First, another aside: BGP is a BEAST. If I went very in depth here, this article would be huge. Thus, please don't expect to be able to configure an ISP connected full BGP internet peer after reading this. :-)
BGP - The Border Gateway Protocol
For the uninitiated, BGP is "what the internet runs". Since the internet USED to be called the ARPANET, and since ARPANET was a seen as a huge asset for the DoD, BGP was built fundamentally for survivability. IE: if the Russkies nuked a major ARPANET hub (say San Francisco), they wanted BGP to quickly and efficiently route around that outage. As ARPANET exploded like wildfire after it turned into what we know as the internet today, scalability was added to BGP's fundamental design tenets. As wonky as BGP can be, it lives up to these two disparate design requirements quite well.
BGP v1 was "born" in RFC 1105 in 1989, and the current version is BGP v4, released in RFC 1654 in 1994. It is notable that the internet basically runs on a routing protocol that is pushing one decade in age. Being fairly old, you will see some serious similarities between BGP, and that other fairly old protocol, RIP. The need for BGP came about when, in the early 1980's, ARPANET admins/designers saw that the protocol they were running, Gateway-to-Gateway Protocol, didn't scale. GGP required every gateway to know about every other gateway, and it's networks (routers were called "gateways" back then). It was pretty obvious this thing would just eventually fall over if it kept growing, and they knew it would keep growing. So, the admins floated the idea of an "Autonomous System", wherein only those devices within the AS would know all of that AS's routes. Also, the admins of an AS would be free to run their network how they pleased. To keep track of AS's, they were assigned an AS number (a 16 bit integer, with 64512-65535 reserved al la 10.x.x.x in the IP world) by the same authority that handed out and tracked IP addresses. [A quick aside, I find it ironic that they chose only a 16 bit integer to track each unique AS number, when the whole reason for this new protocol was scalability, why only allow 64511 unique AS's worldwide?] Damnit, elguapo!
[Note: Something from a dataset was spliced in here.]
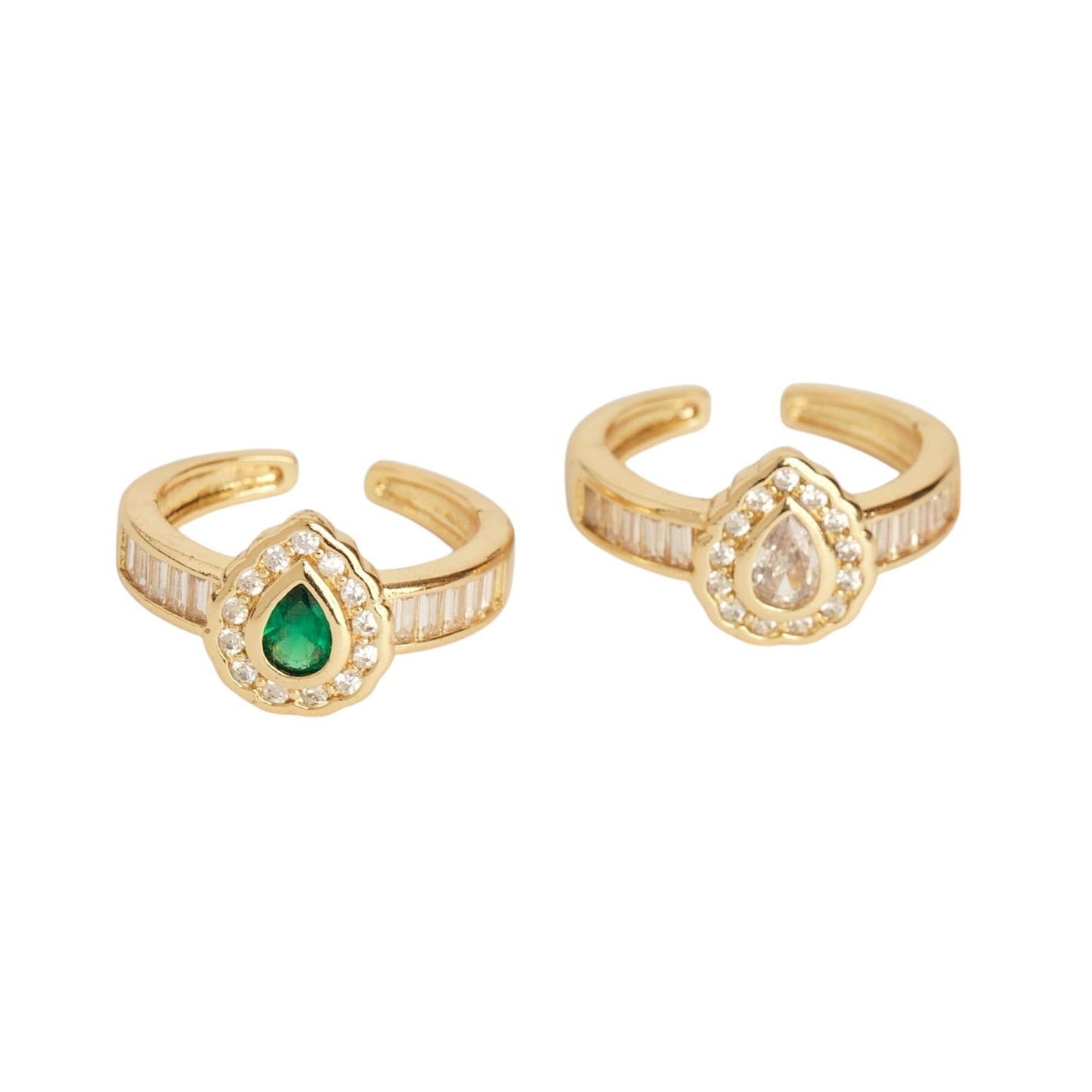 Anillo Legado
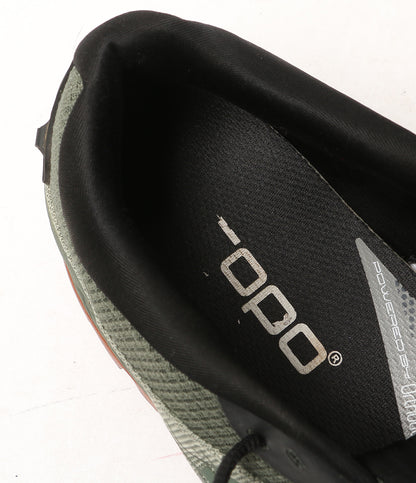 topo Athletic トポアスレティック スニーカー Prusuit トレイルラン メンズ SIZE US10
Enough history, tell us about this BGP!
OK, first, some more concepts:
Autonomous System (AS) - this is simply all of the routers configured to run by a single entity. Take the aforementioned RIP, all of the routers that a company might configure to run RIP could be considered an AS. A company could break their network up into divisions by AS, or not. Totally determined by their local conditions.
Interior Gateway Protocol (IGP) - This is a protocol designed to run within an AS. RIP, for instance, is an IGP.
Exterior Gateway Protocols (EGP) - This is a protocol that is designed to exchange information between differing AS's. BGP is an EGP. Note: EGP's can run within the AS as well, and in fact this is what creates the two "flavors" of BGP. Internal BGP (iBGP) is when two BGP peers are within the same AS, External BGP (eBGP) is when two peers are in differing AS's.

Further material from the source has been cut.